Only nonsolar customers to pay MECO hike
Maui Electric Co. customers who are not on solar power will see their rates rise following the Public Utilities Commission’s approval Friday of “sales decoupling” tariffs for the utility.
The sales decoupling mechanism includes the Revenue Balancing Account tariff, designed to “decouple,” or break the link, between sales and power revenues, in the hopes of removing the disincentive for the utility to adopt energy efficiency and sustainable power sources, such as wind and rooftop solar, the PUC said in a news release Monday.
The formula-driven Rate Adjustment Mechanism, the second part of the program, is intended to compensate Hawaiian Electric Co. companies for changes in utility costs and infrastructure investment to reduce the frequency of rate increases.
Maui customers using 600 kilowatt hours per month, the average energy consumption on the island, will see their rates rise $4.90 in the tariff adjustment. The tariff adjustment will cause rates to rise $3.27 on Molokai and Lanai for 400 kilowatt hours per month. Molokai and Lanai have a lower average power usage.
The PUC said that the tariff increase was “largely due” to increased capital costs and lower sales over the past year.
The tariff increase applies from Sunday to May 31, 2015. This is the second annual filing for MECO. HECO has filed four consecutive years, while this is the third annual filing for Hawaii Electric Light Co.
Maui County Energy Commissioner Doug McLeod expressed concern Monday over HECO receiving these tariffs without long-range plans to wean itself off of them.
“Decoupling was never intended to be a permanent thing,” he said. “It was always a stopgap thing.”
He said decoupling was meant to help the utilities “buy time” as they come up with long-range plans to handle renewable energy. While allowing the utilities to buy time makes sense, Mayor Alan Arakawa is “worried” that HECO is “relying on” the decoupling tariffs “and that is a problem,” McLeod said.
McLeod noted that only nonsolar customers pay the tariff; that means 90 percent of MECO’s customers are “subsidizing” the 10 percent of customers who have solar and have signed net energy metering contracts. Those with rooftop PV receive retail credit for electricity generated for the grid, which is used to offset the electricity they use at night and on cloudy days.
“It (the tariff) is rising every year, and there is no end in sight,” he said, noting the growing percentage of photovoltaic customers.
“Any increase in electric bills is difficult,” said MECO President Sharon Suzuki on Monday, indicating that the utility does have a game plan for the future.
She explained in an email that, with more than 50 percent of electricity bills in the county tied to fuel prices, MECO has been “working hard to reduce that dependence” and “finding ways to add more renewable energy and lower any long-term fuel costs.” That includes retiring the oil-powered Kahului Power Plant in the next few years.

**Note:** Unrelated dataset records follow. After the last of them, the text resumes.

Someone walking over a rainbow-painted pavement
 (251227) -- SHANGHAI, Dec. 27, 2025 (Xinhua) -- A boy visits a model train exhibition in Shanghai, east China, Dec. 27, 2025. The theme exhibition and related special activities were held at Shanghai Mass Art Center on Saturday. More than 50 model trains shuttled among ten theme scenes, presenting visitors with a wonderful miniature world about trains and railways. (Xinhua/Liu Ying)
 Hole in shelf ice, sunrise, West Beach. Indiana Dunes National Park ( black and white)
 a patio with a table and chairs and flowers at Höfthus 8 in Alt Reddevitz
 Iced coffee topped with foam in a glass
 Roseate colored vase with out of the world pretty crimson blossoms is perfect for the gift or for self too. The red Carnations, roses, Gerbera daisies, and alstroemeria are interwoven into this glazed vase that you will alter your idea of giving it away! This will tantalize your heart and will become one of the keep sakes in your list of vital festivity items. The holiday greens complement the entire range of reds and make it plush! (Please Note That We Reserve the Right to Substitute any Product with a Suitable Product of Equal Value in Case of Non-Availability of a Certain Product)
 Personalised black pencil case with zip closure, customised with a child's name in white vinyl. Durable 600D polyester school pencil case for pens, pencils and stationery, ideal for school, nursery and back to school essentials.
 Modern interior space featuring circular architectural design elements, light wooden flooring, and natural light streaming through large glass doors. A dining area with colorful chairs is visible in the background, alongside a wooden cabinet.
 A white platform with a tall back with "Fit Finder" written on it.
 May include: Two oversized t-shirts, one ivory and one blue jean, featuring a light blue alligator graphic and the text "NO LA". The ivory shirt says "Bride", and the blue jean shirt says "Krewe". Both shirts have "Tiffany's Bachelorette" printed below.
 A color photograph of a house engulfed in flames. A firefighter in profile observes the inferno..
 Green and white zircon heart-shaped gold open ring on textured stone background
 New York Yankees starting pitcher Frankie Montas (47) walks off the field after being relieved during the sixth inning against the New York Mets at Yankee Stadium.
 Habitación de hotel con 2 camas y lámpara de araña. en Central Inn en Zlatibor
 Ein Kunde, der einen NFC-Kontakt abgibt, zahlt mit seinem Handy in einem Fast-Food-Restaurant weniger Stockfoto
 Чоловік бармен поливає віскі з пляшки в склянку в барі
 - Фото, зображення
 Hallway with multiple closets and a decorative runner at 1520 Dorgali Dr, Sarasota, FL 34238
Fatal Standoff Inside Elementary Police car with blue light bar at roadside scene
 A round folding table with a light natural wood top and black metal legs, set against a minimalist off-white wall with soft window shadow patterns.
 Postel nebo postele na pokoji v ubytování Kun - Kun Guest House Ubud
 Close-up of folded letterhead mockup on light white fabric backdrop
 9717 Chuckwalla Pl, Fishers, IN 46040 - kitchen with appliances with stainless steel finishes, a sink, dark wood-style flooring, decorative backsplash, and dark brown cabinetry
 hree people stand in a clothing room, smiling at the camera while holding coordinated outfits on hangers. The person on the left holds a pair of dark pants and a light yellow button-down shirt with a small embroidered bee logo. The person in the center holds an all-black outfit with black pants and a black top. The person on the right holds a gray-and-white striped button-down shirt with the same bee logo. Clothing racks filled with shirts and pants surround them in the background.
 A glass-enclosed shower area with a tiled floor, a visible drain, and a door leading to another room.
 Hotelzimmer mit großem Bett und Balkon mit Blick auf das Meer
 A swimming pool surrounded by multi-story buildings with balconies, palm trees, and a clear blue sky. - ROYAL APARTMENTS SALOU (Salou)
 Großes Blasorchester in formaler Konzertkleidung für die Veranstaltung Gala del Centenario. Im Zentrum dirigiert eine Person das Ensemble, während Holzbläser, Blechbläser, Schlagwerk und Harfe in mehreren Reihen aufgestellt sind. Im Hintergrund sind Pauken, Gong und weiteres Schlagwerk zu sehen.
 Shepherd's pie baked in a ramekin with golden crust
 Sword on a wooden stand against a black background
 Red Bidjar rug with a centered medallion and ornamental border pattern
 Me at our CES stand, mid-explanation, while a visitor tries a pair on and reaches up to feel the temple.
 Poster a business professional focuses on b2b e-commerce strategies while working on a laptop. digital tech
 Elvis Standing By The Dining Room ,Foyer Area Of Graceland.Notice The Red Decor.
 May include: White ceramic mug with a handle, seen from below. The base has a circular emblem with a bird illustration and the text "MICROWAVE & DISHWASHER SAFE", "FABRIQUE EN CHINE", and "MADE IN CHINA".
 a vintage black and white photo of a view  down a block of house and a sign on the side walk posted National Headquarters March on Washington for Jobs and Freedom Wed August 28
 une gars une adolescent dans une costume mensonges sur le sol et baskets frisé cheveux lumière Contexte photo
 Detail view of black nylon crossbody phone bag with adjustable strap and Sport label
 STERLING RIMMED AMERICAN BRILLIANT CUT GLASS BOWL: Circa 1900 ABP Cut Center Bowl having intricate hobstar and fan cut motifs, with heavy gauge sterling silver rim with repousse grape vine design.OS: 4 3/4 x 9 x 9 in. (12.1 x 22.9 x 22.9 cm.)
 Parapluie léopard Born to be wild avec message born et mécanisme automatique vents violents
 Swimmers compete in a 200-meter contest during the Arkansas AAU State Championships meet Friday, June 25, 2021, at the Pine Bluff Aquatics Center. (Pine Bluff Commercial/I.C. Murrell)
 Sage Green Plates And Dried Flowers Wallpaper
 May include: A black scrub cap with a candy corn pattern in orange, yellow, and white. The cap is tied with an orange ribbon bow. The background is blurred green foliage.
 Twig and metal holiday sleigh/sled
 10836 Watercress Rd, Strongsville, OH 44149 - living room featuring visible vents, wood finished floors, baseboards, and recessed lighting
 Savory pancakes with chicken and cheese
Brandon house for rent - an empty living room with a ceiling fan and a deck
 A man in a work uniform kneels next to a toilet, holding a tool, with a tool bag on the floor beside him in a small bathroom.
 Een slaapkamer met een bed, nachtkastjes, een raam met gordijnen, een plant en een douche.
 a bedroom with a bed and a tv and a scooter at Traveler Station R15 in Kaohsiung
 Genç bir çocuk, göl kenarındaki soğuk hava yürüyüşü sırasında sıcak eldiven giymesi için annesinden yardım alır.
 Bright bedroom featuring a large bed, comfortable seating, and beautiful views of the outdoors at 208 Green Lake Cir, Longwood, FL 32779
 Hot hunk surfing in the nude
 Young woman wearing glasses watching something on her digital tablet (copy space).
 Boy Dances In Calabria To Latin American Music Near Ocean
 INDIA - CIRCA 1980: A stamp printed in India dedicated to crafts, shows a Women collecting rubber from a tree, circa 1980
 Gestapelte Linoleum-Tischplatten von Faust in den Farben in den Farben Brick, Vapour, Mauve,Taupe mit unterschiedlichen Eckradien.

The tariff is necessary to “make that important transition,” Suzuki said, noting that the money netted will help pay for more than $100 million in new capital projects. Those projects include the installation of a battery energy storage system to help integrate more variable energy sources, such as solar and wind.
Suzuki agreed with McLeod that MECO needs to address the “incredible rate” of growth of photovoltaics as it maps out “a comprehensive and sustainable energy plan.” Maui and Hawaii are the nation’s leaders in PV installations, she said, adding that there are more than 5,000 PV systems in place in the county.
“We look forward to increasing that amount as part of our island’s energy future,” she said.
Suzuki said that “making that critical shift to a more modernized grid will mean balancing the transition to less oil and pursuing more renewable energy sources” while maintaining “reliable, affordable power.”
In a different proceeding, the PUC said that it currently is reviewing whether changes should be made to the Rate Adjustment Mechanism to better track utility performance measures and to help create cost savings to customers. A decision on that proceeding is expected by the end of the year.